* ASSIGNMENT
Word for word, print each line of the listing below; pictures stay out.

* GIVEN MATERIAL
################

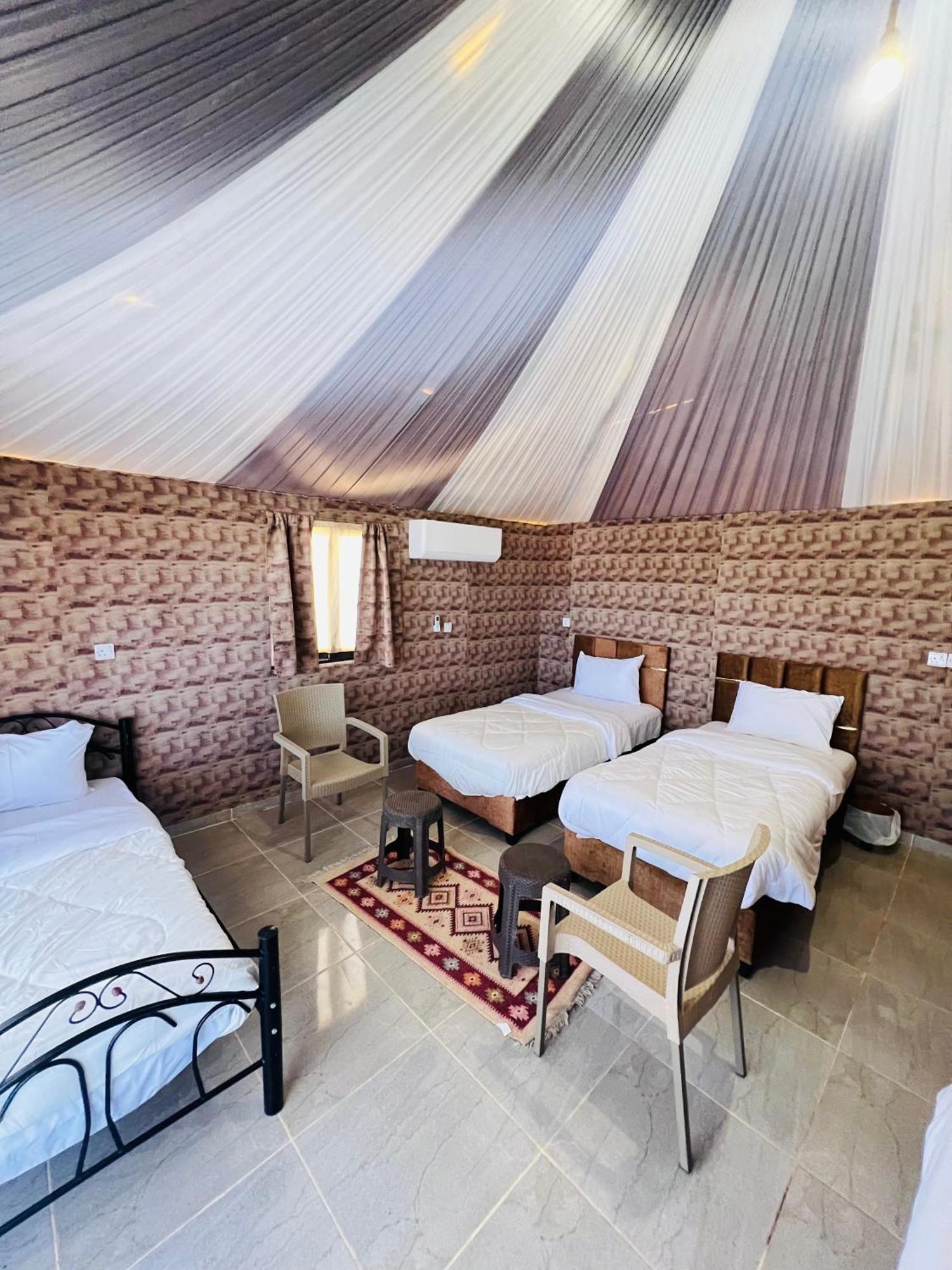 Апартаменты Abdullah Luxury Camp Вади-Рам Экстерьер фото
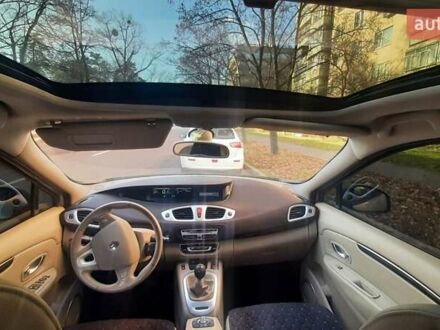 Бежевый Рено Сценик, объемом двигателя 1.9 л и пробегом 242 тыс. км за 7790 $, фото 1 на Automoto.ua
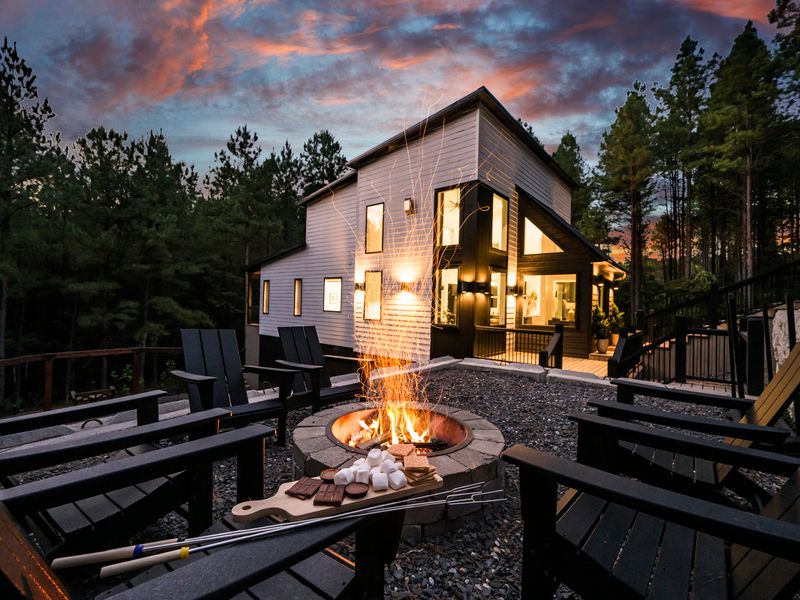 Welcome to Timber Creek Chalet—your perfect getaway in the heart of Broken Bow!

################

* THE COMPLETED TASK
 Апартаменты Abdullah Luxury Camp Вади-Рам Экстерьер фото
 Бежевый Рено Сценик, объемом двигателя 1.9 л и пробегом 242 тыс. км за 7790 $, фото 1 на Automoto.ua
 Welcome to Timber Creek Chalet—your perfect getaway in the heart of Broken Bow!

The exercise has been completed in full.